▸ Input data:
# # # #
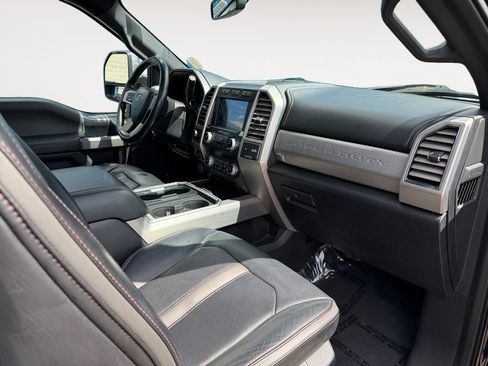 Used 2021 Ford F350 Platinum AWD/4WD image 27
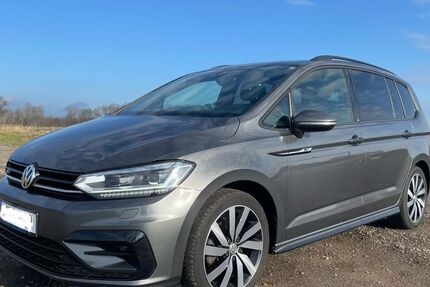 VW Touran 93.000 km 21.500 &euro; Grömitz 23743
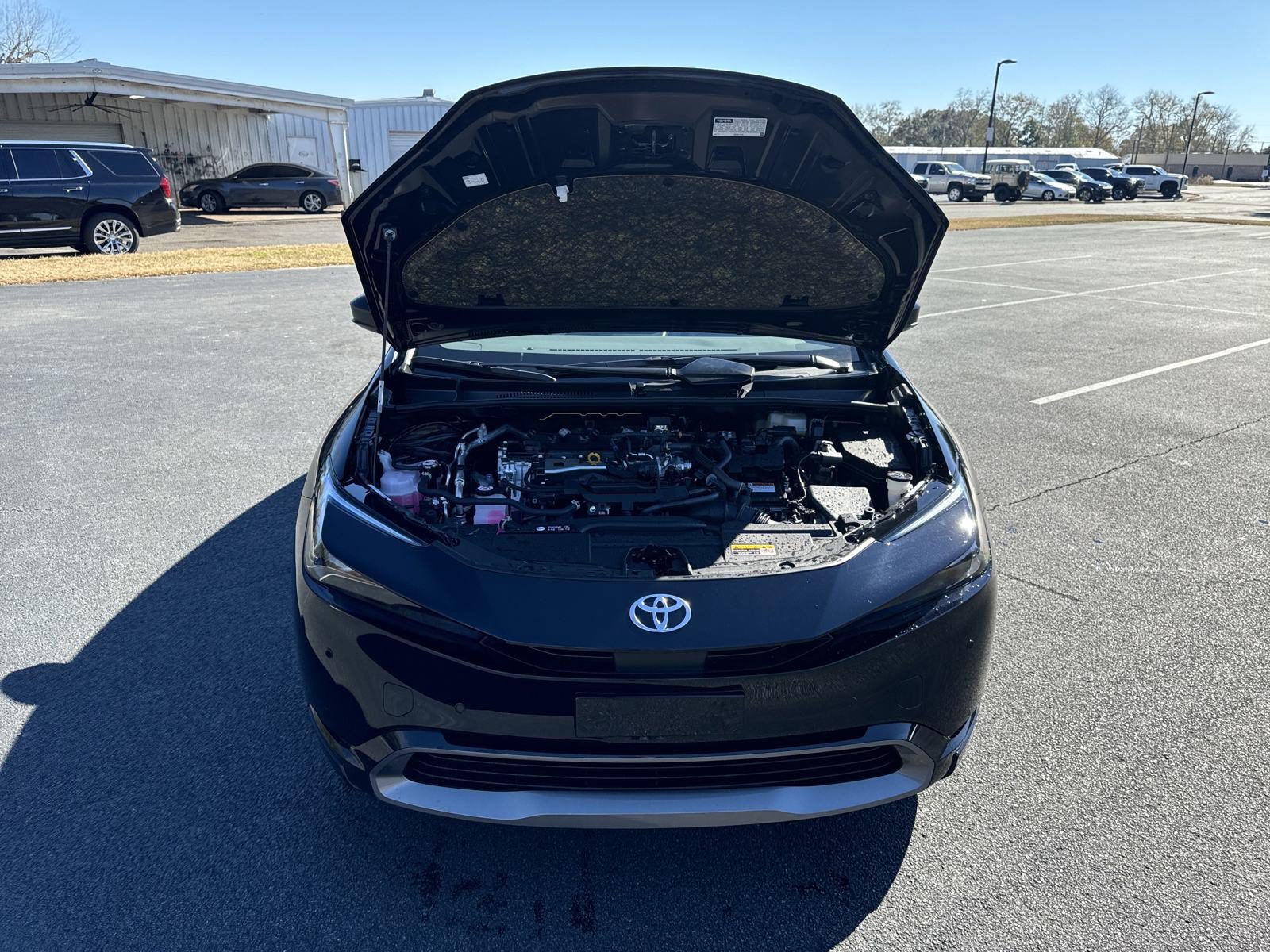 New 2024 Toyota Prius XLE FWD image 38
# # # #
▸ Required action: Copy the listing above in full and exactly, but omit each picture that it holds.

▸ Result:
 Used 2021 Ford F350 Platinum AWD/4WD image 27
 VW Touran 93.000 km 21.500 &euro; Grömitz 23743
 New 2024 Toyota Prius XLE FWD image 38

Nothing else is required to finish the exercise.